# WHAT THE TASK ASKS
Print, in exact form, the lines below from the one containing "Pochete com Bolso Preta" through the one containing "ขณะเทียบท่า เกิดอะไรขึ้นบ้าง ที่มาเป็นอย่างไร", and omit all others.

# RECORDS FOR THE EXERCISE
== Segment start ==

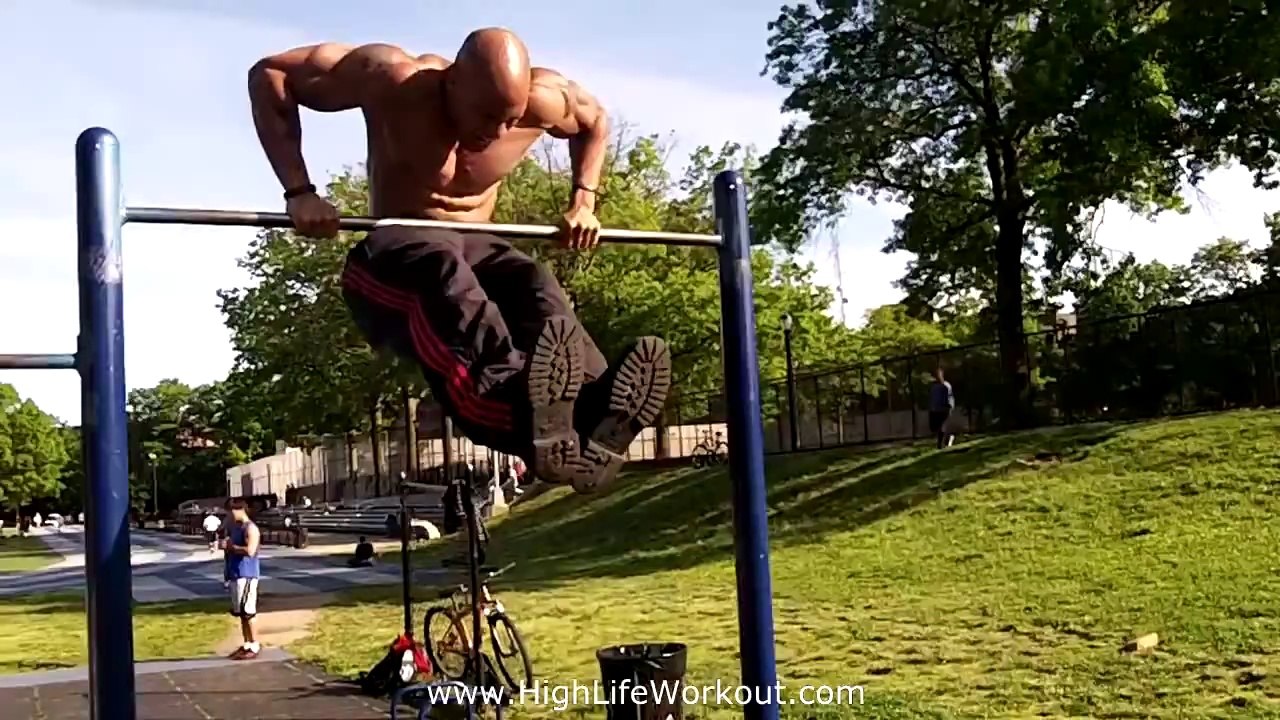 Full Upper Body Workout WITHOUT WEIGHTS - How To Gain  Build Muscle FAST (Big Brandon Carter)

== Segment end ==
== Segment start ==

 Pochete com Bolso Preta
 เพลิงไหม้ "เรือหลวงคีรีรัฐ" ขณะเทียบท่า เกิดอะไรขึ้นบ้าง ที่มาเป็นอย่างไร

== Segment end ==
== Segment start ==

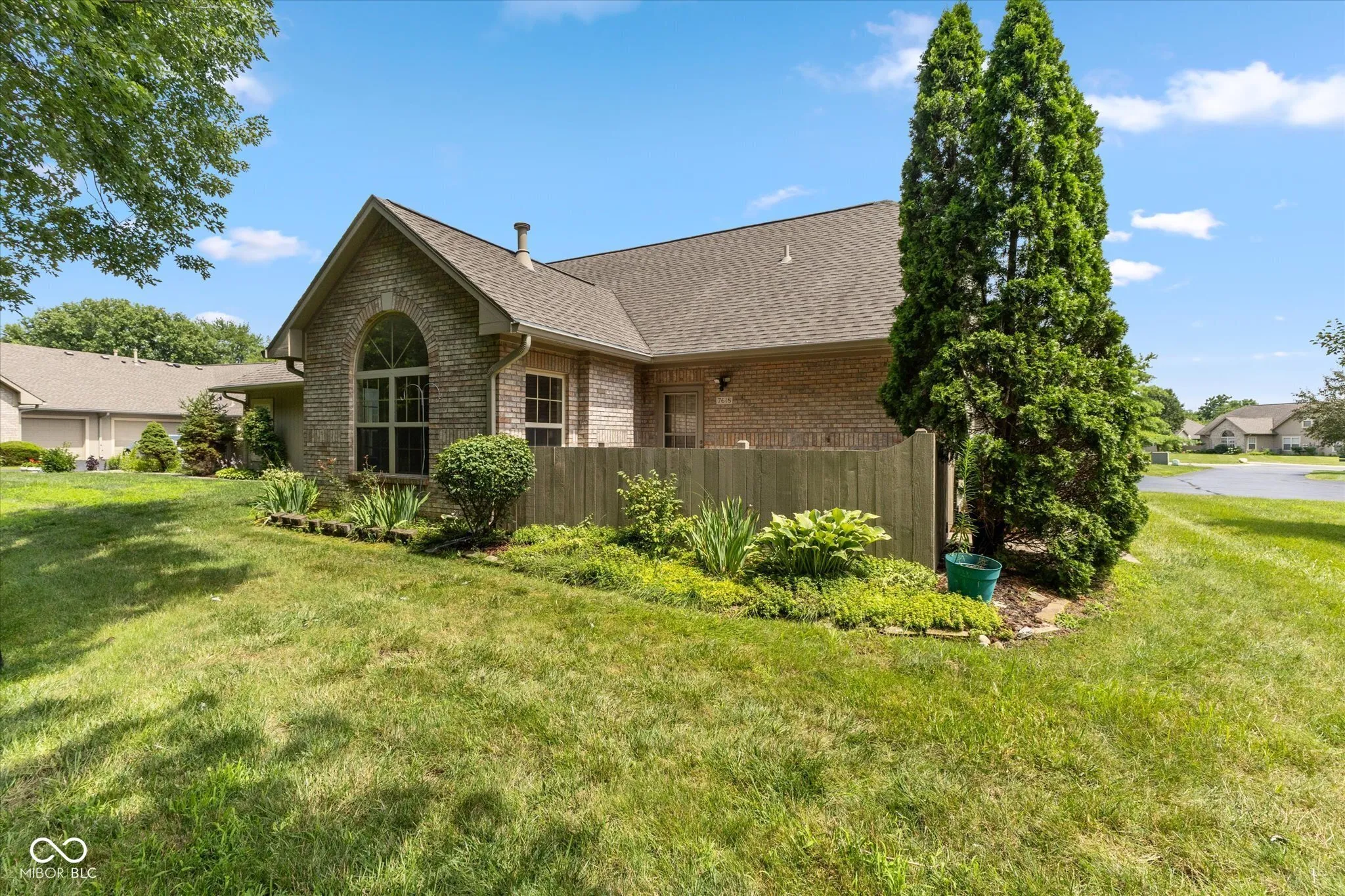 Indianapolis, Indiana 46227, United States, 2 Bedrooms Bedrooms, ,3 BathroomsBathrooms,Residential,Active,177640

== Segment end ==

# RESULT BELOW
 Pochete com Bolso Preta
 เพลิงไหม้ "เรือหลวงคีรีรัฐ" ขณะเทียบท่า เกิดอะไรขึ้นบ้าง ที่มาเป็นอย่างไร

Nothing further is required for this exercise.